On Sun, Jan 6, 2019, 19:32 Allen Wittenauer
<a...@effectivemachines.com.invalid wrote:

>
> a) The ASF has been running untrusted code since before Github existed.
> From my casual watching of Jenkins, most of the change code we run doesn’t
> come from Github PRs.  Any solution absolutely needs to consider what
> happens in a JIRA-based patch file world. [footnote 1,2]
>

If some project build begins to draw resources in an extraordinary fashion
it will be noticed. As logging pmc I recommend patchers to do a pull
request on github and play with the source code to make it work. Either
then or meanwhile we do code review to keep the iterations short.

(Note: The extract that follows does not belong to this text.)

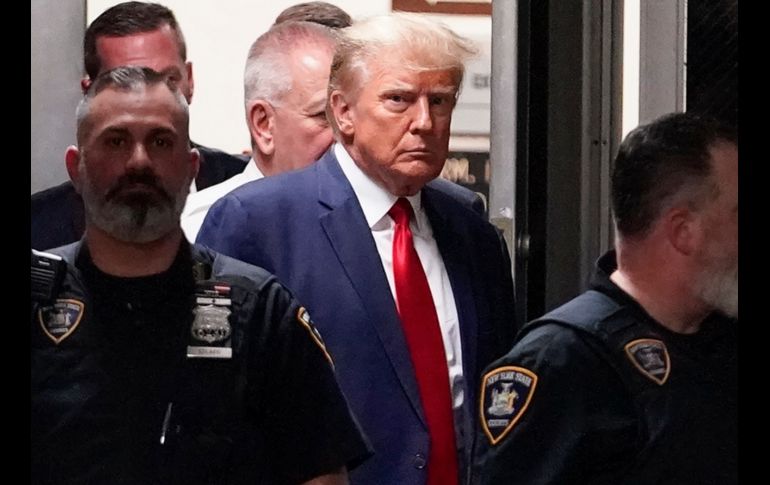 El Departamento de Justicia investiga el manejo de los documentos clasificados que fueron encontrados en la residencia de Trump. EFE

> b) Making everything get reviewed by a committer before executing is a
> non-starter.  For large communities, precommit testing acts as a way for
> contributors to get feedback prior to a committer even getting involved.
> This allows for change iteration prior to another human spending time on
> it.  But the secondary effect is that it acts as a funnel: if a project
> gets thousands of change requests a year [footnote 3], it’s now trivial for
> committers to focus their energy on the ones that are closest to commit.
>
> c) We’ve needed disposable environments (what Stephen Connolly called
> throwaway hardware and is similar to what Dominik Psenner talked about wrt
> gitlab runners) for a while.  When INFRA enabled multiple executors per
> node (which they did for good reasons), it triggered an avalanche of
> problems:  maven’s lack of repo locking, noisy neighbors, Jenkins’ problems
> galore (security and DoS which still exist today!), systemd’s cgroup
> limitations, and a whole lot more.  Getting security out of them is really
> just extra at this point.
>
> ====
>
> 1 - With the forced moved to gitbox, this may change, but time will tell.
>
> 2 -  FWIW: Gavin and I have been playing with Jenkins’ JIRA Trigger Plugin
> and finding that it’s got some significant weaknesses and needs a lot of
> support code to make viable. This means we’ll likely be sticking with some
> form of Yetus’ precommit-admin for a while longer. :(  So the bright side
> here is that at least the ASF owns the code to make it happen.
>
> 3 - Some perspective: Hadoop generated ~6500 JIRAs with patch files
> attached last year alone for the nearly 15 or so active committers to
> review.  If half of the issues had the initial patch plus a single
> iteration, that’s 13,000 patches that got tested on Jenkins.